The time sharing system provides the direct access to a large number of users where CPU time is divided among all the users on scheduled basis. The OS allocates a set of time to each user. When this time is expired, it passes control to the next user on the system. The time allowed is extremely small and the users are given the impression that they each have their own CPU and they are the sole owner of the CPU. This short period of time during that a user gets attention of the CPU; is known as a time slice or a quantum. The concept of time sharing system is shown in figure.

                

 

In above figure the user 5 is active but user 1, user 2, user 3, and user 4 are in waiting state whereas user 6 is in ready status.

Multiuser Operating System

Multiuser Operating System

A multi-user operating system allows multiple users to access the data and processes of a single machine from different computers or terminals. These were previously often connected to the larger system through a wired network, though now wireless networking for this type of system is more common. The users will typically be at terminals or computers that give them access to the system through a network, as well as other machines on the system such as printers. A multi-user operating system differs from a single-user system on a network in that each user is accessing the same OS at different machines.

 

A multi-user operating system is often used in businesses and offices where different users need to access the same resources, but these resources cannot be installed on every system. In a multi-user operating system, the OS must be able to handle the various needs and requests of all of the users effectively.
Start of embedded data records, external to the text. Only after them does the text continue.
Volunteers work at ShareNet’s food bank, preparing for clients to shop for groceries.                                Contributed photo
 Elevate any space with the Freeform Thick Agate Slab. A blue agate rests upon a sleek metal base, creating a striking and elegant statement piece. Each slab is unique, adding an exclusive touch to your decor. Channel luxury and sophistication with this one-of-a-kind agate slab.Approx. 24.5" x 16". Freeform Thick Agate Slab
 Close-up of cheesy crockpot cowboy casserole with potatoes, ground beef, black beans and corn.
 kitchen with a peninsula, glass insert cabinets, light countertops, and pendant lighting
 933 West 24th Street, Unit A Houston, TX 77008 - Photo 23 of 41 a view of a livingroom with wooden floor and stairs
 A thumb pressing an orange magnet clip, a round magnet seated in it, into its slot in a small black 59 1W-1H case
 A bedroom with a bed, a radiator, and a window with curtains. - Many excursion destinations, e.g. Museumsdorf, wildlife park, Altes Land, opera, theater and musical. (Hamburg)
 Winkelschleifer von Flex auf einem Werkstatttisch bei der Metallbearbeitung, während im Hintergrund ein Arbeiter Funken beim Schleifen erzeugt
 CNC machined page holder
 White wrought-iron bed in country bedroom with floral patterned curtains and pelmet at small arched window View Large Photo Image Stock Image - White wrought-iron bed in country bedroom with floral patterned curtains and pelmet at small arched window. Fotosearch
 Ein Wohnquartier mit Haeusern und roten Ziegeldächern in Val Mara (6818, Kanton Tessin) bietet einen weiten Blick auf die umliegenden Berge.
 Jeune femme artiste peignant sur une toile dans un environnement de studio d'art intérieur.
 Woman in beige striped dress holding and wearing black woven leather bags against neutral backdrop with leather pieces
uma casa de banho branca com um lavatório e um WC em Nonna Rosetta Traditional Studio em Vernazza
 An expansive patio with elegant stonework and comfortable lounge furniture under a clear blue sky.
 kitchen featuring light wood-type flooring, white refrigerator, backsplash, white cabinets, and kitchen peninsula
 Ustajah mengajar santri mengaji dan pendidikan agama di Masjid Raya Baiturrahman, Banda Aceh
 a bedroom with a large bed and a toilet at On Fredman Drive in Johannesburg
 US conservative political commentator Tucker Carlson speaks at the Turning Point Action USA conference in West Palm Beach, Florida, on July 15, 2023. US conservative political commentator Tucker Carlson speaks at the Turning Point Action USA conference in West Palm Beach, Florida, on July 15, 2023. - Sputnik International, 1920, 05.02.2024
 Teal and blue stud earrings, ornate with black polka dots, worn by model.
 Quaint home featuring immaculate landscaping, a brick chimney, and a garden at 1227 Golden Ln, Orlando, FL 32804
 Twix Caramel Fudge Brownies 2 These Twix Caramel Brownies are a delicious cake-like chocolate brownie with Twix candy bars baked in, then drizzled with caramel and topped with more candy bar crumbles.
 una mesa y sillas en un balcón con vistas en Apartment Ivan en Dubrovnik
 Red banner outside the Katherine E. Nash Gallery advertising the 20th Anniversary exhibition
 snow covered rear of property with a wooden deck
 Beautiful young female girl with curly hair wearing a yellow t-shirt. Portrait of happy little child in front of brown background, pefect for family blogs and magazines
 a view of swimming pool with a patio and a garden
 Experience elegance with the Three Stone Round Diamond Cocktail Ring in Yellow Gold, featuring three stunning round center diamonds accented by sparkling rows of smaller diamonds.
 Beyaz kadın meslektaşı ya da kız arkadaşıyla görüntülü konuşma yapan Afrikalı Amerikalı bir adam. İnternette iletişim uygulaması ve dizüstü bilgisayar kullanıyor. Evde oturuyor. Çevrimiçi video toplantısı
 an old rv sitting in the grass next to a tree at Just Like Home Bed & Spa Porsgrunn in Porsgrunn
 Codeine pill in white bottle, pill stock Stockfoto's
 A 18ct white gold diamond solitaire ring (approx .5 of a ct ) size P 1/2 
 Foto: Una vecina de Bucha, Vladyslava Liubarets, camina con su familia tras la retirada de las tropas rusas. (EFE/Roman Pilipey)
Multiprogramming Operating System

Multiprogramming Operating System

In a multiprogramming system there are one or more programs loaded in main memory which are ready to execute. Only one program at a time is able to get the CPU for executing its instructions (i.e., there is at most one process running on the system) while all the others are waiting their turn.
The main idea of multiprogramming is to maximize the use of CPU time. Indeed, suppose the currently running process is performing an I/O task (which, by definition, does not need the CPU to be accomplished). Then, the OS may interrupt that process and give the control to one of the other in-main-memory programs that are ready to execute (i.e. process context switching). In this way, no CPU time is wasted by the system waiting for the I/O task to be completed, and a running process keeps executing until either it voluntarily releases the CPU or when it blocks for an I/O operation. Therefore, the ultimate goal of multiprogramming is to keep the CPU busy as long as there are processes ready to execute.
Note that in order for such a system to function properly, the OS must be able to load multiple programs into separate areas of the main memory and provide the required protection to avoid the chance of one process being modified by another one.

Multitasking OS

Multitasking has the same meaning of multiprogramming but in a more general sense, as it refers to having multiple (programs, processes, tasks, threads) running at the same time. This term is used in modern operating systems when multiple tasks share a common processing resource (e.g., CPU and Memory). At any time the CPU is executing one task only while other tasks waiting their turn. The illusion of parallelism is achieved when the CPU is reassigned to another task (i.e. process or thread context switching).
There are subtle differences between multitasking and multiprogramming. Multitasking OS implies Multiprogramming but vice-versa not possible.

Batch operating system

Batch operating system

The users of a batch operating system do not interact with the computer directly. Each user prepares his job on an off-line device like punch cards and submits it to the computer operator. To speed up processing, jobs with similar needs are batched together and run as a group. The programmers leave their programs with the operator and the operator then sorts the programs with similar requirements into batches.
The problems with Batch Systems are as follows −

• Lack of interaction between the user and the job.
• CPU is often idle, because the speed of the mechanical I/O devices is slower than the CPU.
• Difficult to provide the desired priority.